# Data Merging - Scopus and SciVal

This notebook merges Scopus and SciVal datasets using the EID column.

## Objectives:
1. Load both datasets
2. Merge using EID as key
3. Add abstracts from Scopus to SciVal entries
4. Resolve duplicate columns
5. Save merged dataset

In [None]:
import sys
sys.path.append('../')

import pandas as pd
import numpy as np
from pathlib import Path

from src.data.load_data import load_scopus_data, load_scival_data
from src.data.merge_data import (
    merge_datasets,
    add_abstracts_to_scival,
    resolve_duplicate_columns
)
from src.utils.config import config

pd.set_option('display.max_columns', None)

## 1. Load Data

In [None]:
# Load data files
SCOPUS_FILE = '../data/raw/scopus.csv'
SCIVAL_FILE = '../data/raw/scival.csv'

# Load datasets
scopus_df = load_scopus_data(SCOPUS_FILE)
scival_df = load_scival_data(SCIVAL_FILE)

print(f"Scopus: {scopus_df.shape}")
print(f"SciVal: {scival_df.shape}")

## 2. Merge Datasets and Replace Abstracts

SciVal's Abstract column contains URLs, not actual text.
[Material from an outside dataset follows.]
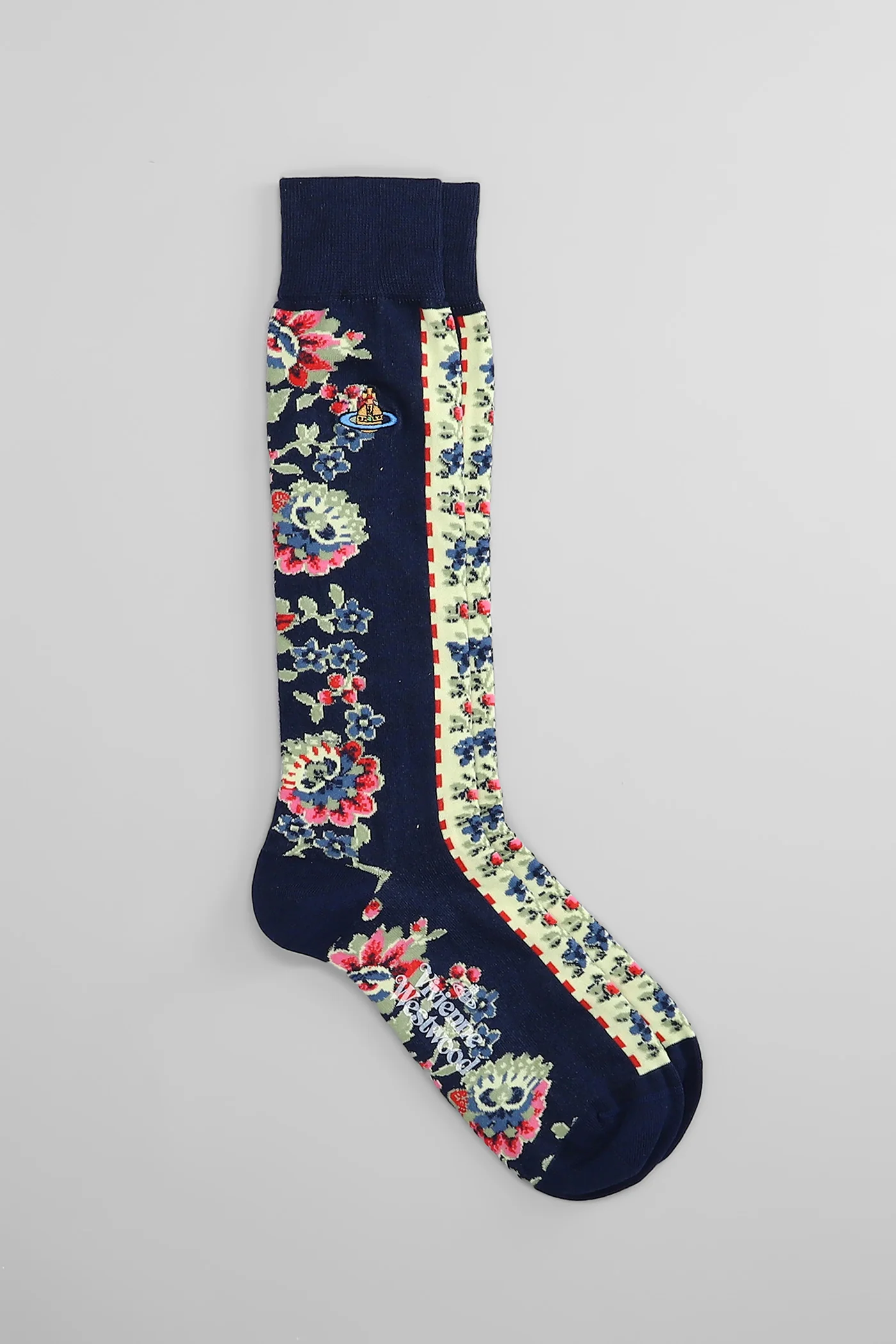 Socks in blue polyamide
We need to replace it with real abstracts from Scopus.

In [None]:
scopus_abstracts = scopus_df[['EID', 'Abstract']].copy()
scopus_abstracts.columns = ['EID', 'Abstract_scopus']

merged_df = scival_df.merge(scopus_abstracts, on='EID', how='inner')

merged_df = merged_df.drop('Abstract', axis=1)
merged_df = merged_df.rename(columns={'Abstract_scopus': 'Abstract'})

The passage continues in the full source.